Action item: Look through the records below for the line with "فانوس گازی فایرمپل مدل FIREFLY — تصویر ۳" and the line with "Annemarie Börlind SPECIAL", then return those lines and all lines between, exactly.

Entries provided:
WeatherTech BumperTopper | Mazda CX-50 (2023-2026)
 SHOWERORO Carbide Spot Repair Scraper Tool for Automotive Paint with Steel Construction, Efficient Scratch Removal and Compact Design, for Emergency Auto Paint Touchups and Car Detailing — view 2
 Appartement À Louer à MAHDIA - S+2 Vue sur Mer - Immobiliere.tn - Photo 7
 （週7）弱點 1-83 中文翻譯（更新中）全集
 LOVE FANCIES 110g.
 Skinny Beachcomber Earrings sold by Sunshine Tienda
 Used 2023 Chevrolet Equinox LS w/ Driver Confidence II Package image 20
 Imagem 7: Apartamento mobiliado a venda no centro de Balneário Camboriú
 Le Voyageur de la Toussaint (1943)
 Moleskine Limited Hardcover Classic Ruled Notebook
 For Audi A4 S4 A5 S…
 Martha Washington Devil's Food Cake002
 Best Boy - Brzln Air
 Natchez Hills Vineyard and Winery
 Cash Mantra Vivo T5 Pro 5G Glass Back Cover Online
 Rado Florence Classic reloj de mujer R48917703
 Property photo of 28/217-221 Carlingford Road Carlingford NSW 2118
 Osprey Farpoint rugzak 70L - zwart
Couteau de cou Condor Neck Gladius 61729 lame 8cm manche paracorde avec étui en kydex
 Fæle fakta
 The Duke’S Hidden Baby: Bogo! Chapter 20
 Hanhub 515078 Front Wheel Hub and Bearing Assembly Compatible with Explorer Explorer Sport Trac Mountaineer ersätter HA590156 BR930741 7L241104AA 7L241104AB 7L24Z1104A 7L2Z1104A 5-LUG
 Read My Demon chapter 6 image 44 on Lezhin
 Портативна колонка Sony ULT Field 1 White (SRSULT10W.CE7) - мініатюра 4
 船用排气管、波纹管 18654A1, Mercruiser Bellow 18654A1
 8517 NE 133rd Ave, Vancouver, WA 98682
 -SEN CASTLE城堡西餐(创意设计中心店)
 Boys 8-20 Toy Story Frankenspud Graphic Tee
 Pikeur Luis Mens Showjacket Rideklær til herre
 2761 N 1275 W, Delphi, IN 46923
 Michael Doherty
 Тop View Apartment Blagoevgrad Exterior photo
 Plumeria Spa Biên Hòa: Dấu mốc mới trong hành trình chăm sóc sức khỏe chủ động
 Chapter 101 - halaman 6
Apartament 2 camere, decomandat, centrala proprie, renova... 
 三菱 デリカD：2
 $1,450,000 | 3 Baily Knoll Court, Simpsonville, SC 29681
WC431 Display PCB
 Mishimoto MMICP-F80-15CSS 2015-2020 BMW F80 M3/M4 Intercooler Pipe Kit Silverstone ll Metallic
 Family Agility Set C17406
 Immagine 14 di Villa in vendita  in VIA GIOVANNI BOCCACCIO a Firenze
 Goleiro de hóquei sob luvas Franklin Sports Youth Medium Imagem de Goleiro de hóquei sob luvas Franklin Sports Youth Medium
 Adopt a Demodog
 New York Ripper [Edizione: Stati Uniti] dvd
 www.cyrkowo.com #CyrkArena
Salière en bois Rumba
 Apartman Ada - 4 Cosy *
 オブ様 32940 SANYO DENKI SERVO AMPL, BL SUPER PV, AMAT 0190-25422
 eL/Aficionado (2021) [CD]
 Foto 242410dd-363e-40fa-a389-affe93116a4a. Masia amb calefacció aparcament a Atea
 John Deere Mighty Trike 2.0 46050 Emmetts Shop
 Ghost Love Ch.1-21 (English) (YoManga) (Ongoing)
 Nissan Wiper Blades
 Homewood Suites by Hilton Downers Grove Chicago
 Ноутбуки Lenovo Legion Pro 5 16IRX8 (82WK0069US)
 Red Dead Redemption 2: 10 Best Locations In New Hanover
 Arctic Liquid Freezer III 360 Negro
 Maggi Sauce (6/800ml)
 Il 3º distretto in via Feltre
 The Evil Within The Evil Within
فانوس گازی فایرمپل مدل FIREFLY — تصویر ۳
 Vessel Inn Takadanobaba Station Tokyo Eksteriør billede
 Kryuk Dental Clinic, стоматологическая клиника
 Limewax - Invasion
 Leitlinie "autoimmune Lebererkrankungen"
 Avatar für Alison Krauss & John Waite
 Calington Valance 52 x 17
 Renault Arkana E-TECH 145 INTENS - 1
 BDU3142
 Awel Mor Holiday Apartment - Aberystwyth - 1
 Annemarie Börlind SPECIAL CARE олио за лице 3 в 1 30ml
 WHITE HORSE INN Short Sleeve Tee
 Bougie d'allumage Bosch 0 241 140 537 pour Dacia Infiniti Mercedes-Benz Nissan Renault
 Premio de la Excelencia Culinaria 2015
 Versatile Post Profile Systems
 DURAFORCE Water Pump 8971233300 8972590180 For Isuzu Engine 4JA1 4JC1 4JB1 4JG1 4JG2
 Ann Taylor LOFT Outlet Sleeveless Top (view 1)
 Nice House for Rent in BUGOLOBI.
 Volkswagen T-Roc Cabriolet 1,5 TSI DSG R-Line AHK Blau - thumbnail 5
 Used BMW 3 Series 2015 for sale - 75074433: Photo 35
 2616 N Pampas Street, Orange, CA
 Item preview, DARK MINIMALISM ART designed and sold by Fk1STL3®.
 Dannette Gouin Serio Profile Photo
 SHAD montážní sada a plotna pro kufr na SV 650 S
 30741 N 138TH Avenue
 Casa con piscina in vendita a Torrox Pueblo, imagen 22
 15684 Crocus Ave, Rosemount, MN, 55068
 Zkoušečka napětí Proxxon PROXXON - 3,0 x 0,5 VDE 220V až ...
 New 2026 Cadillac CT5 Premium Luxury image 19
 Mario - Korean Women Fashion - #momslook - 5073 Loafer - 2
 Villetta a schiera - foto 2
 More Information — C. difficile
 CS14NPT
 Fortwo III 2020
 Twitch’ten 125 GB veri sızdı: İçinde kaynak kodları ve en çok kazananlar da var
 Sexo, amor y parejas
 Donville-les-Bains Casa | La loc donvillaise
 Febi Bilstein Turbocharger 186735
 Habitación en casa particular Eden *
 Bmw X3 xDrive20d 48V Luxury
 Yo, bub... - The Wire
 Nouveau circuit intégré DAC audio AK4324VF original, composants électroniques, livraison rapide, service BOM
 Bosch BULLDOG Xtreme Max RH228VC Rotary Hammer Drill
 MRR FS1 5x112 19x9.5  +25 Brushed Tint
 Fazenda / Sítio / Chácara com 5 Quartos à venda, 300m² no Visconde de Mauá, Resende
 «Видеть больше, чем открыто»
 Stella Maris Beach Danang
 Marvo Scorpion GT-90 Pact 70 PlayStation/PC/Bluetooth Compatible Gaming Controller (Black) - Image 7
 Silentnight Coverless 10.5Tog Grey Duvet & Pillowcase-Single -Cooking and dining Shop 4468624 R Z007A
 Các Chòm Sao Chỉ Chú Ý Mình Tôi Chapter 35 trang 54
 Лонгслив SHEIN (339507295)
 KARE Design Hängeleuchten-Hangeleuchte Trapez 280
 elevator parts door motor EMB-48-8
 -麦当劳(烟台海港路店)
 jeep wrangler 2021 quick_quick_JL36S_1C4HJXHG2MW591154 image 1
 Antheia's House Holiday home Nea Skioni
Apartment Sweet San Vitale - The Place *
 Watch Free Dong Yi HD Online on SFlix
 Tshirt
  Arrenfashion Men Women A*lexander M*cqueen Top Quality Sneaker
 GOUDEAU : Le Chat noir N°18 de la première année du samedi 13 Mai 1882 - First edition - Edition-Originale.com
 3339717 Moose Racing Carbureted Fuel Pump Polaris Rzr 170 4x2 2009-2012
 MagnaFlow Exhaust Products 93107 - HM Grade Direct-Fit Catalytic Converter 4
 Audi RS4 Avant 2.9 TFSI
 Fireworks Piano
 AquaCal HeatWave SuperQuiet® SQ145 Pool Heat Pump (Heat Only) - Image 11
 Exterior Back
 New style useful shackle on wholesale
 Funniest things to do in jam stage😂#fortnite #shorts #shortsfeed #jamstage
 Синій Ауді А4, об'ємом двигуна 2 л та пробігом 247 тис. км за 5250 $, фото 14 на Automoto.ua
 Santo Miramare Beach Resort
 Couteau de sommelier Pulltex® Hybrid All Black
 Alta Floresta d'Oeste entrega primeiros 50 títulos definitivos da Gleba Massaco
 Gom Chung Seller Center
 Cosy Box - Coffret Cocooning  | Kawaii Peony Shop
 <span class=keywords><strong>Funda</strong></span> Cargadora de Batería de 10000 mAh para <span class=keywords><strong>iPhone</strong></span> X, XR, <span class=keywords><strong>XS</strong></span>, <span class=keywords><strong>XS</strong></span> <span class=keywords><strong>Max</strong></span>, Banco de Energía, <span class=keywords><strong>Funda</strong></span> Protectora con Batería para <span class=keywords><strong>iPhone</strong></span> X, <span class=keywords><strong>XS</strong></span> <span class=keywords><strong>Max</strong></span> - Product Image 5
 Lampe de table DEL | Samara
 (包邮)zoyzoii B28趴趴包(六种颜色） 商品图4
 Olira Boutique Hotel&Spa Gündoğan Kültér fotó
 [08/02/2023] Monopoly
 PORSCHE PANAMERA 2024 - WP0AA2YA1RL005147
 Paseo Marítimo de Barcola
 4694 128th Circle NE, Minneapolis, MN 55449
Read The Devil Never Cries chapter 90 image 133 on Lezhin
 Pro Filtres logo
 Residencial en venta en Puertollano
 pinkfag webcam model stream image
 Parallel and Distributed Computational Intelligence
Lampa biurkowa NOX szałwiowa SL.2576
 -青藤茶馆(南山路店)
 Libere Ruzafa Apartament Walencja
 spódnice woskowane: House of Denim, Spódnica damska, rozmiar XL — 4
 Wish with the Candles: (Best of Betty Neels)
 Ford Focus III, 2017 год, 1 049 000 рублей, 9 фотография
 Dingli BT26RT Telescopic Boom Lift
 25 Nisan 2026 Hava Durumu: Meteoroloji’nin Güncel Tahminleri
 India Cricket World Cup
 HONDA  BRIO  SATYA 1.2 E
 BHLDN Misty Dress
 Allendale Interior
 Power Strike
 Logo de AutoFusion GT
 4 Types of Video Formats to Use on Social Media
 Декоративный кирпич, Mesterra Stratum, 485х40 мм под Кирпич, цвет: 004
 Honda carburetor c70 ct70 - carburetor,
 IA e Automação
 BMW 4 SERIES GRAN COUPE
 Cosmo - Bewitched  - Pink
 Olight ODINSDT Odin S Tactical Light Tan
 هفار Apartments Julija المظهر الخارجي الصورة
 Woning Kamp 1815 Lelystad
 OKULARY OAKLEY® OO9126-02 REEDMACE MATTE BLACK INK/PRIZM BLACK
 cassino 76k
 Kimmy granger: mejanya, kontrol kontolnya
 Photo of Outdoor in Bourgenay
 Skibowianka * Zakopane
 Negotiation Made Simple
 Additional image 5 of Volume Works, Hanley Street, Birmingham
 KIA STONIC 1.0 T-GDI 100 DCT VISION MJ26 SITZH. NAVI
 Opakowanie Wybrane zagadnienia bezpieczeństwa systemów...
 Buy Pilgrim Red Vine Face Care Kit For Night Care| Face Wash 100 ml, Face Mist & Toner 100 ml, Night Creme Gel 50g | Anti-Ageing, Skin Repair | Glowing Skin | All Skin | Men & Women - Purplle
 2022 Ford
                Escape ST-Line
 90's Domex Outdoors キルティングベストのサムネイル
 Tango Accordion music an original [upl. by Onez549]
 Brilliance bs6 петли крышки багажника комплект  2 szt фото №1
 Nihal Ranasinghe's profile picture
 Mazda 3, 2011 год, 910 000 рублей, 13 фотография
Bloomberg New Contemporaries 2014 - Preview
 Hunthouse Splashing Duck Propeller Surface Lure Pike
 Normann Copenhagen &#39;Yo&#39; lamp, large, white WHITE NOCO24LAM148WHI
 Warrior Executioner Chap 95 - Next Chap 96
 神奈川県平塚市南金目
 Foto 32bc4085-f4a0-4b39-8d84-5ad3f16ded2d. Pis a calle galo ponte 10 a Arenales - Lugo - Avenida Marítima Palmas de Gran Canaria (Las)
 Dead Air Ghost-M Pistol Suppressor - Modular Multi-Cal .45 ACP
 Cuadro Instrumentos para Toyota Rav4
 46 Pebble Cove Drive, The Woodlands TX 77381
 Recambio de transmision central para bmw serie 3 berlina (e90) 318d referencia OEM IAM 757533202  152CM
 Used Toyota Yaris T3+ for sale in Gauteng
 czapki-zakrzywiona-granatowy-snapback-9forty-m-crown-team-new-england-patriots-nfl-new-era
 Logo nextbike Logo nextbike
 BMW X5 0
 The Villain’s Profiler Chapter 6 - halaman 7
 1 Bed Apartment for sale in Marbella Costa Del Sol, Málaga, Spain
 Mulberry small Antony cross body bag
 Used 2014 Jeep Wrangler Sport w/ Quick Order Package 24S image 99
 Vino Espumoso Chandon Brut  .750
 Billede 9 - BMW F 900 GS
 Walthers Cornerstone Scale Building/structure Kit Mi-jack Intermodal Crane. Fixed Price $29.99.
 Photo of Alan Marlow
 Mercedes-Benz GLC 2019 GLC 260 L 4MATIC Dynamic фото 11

Output below:
فانوس گازی فایرمپل مدل FIREFLY — تصویر ۳
 Vessel Inn Takadanobaba Station Tokyo Eksteriør billede
 Kryuk Dental Clinic, стоматологическая клиника
 Limewax - Invasion
 Leitlinie "autoimmune Lebererkrankungen"
 Avatar für Alison Krauss & John Waite
 Calington Valance 52 x 17
 Renault Arkana E-TECH 145 INTENS - 1
 BDU3142
 Awel Mor Holiday Apartment - Aberystwyth - 1
 Annemarie Börlind SPECIAL CARE олио за лице 3 в 1 30ml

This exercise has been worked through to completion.